Chalk this up to my ignorance. I never knew that local officials were arresting and locking people up for speaking up against the policies of those officials.

In this op-ed in The Wall Street Journal on March 19, Anya Bidwell and Patrick Jaicomo, two lawyers for a defendant in a Supreme Court case, outline the issue.

In their case, Gonzalez v. Trevino, their client, Sylvia Gonzalez, a city council woman, circulated a petition in the town of Castle Hills, Texas to remove the city manager. She alleges that the manager and his allies, the mayor and police chief, conspired to arrest her for a misdemeanor (misplacing a government document). She went to jail. It was reported in local media, and a month after the arrest the charges were dropped.
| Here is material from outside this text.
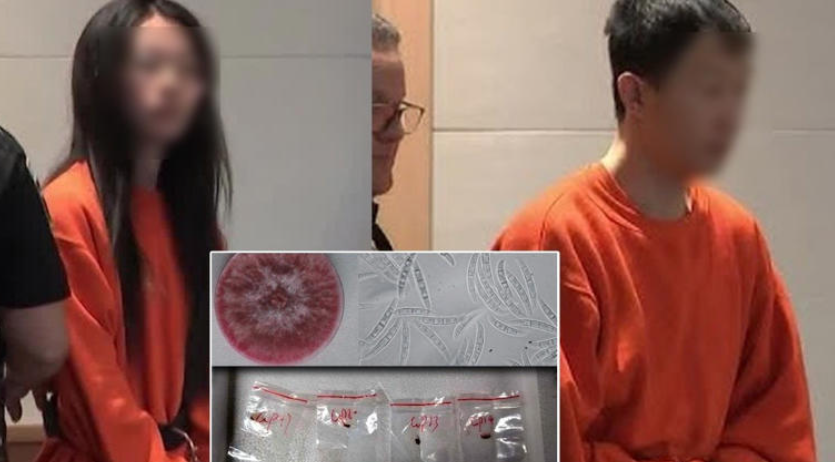 EEUU detuvo a dos ciudadanos chinos acusados de bioterrorismo con un hongo letal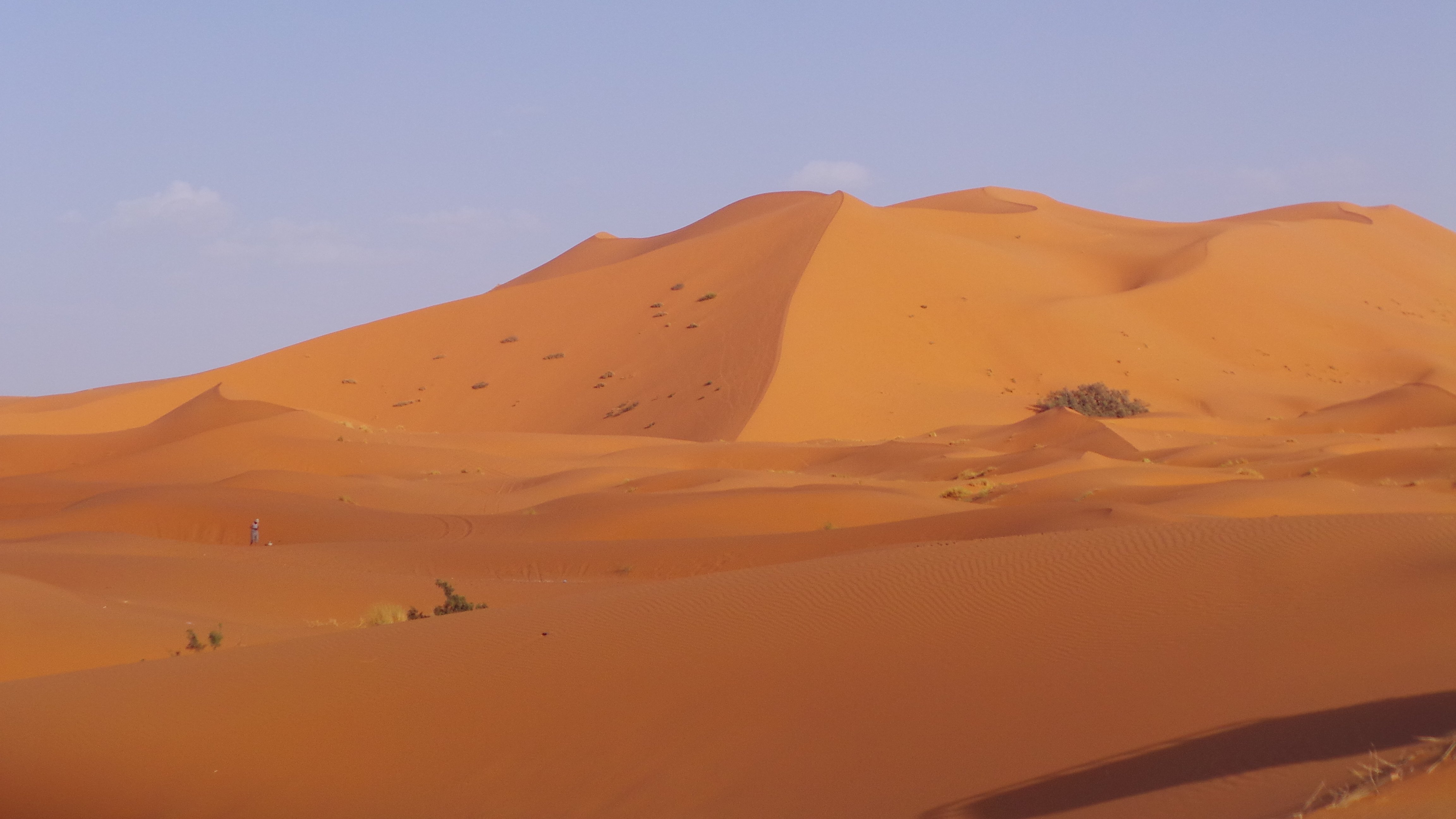 Go Morocco Desert Tours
Ms. Gonzalez then filed suit against the city and its leaders who claimed qualified immunity. Ms. Gonzalez claimed the city had violated her free speech rights. The district court sided with Gonzalez, but the US Circuit Court of Appeals reversed that decision. Supposedly, as long as the police have “probable cause” for an arrest, free speech can lose. The Supreme Court will resolve the issue.

In the essay, Bidwell and Jaicomo cite other examples of local officials making arrests for dissent including a local newspaper being raided in Marion, Kansas because the paper was investigating the police chief.

I certainly hope the Court sides with Gonzalez. Local officials (or any authority) cannot use their power to silence citizens. If they do, that’s bad. But, it’s not the worst.

The worst is when leadership of a municipality or any organization uses the power it wields to frighten people in the municipality or organization into silence.

I am going to argue that this is what is occurring in academia today where conservative ideas are not valued. This has become particularly acute in academic medicine where administration officials, especially presidents, demand fealty and tolerate no dissent. Any dissent can be labeled unprofessional behavior and pre-emptively cause the dismissal of the dissenter. There needn’t be many examples of people being fired for their dissenting opinion for a chill to grab hold of an organization and eliminate any hint of dissent.

Look at Russia.

Do you really believe that 87% of the Russian people support Putin and his war in Ukraine? Neither do I. Navalny is a prime example of what happens to those who oppose Putin. Dissent is not tolerated in Russia.

China has even suppressed dissent in Hong Kong where only a few years ago lively dissent flourished. And, we know what happens to those who oppose the mullahs in Iran.

My argument is that the human dynamic found in Russia is the same as that found in many academic centers with despotic leadership that ignores even a hint of shared governance with the faculty.

Yes, arrest and jail time is a great deterrent to dissent. When that deterrence becomes the corporate culture, free speech and freedom of opinion is no more.

Think about it. When’s the last time you spoke up?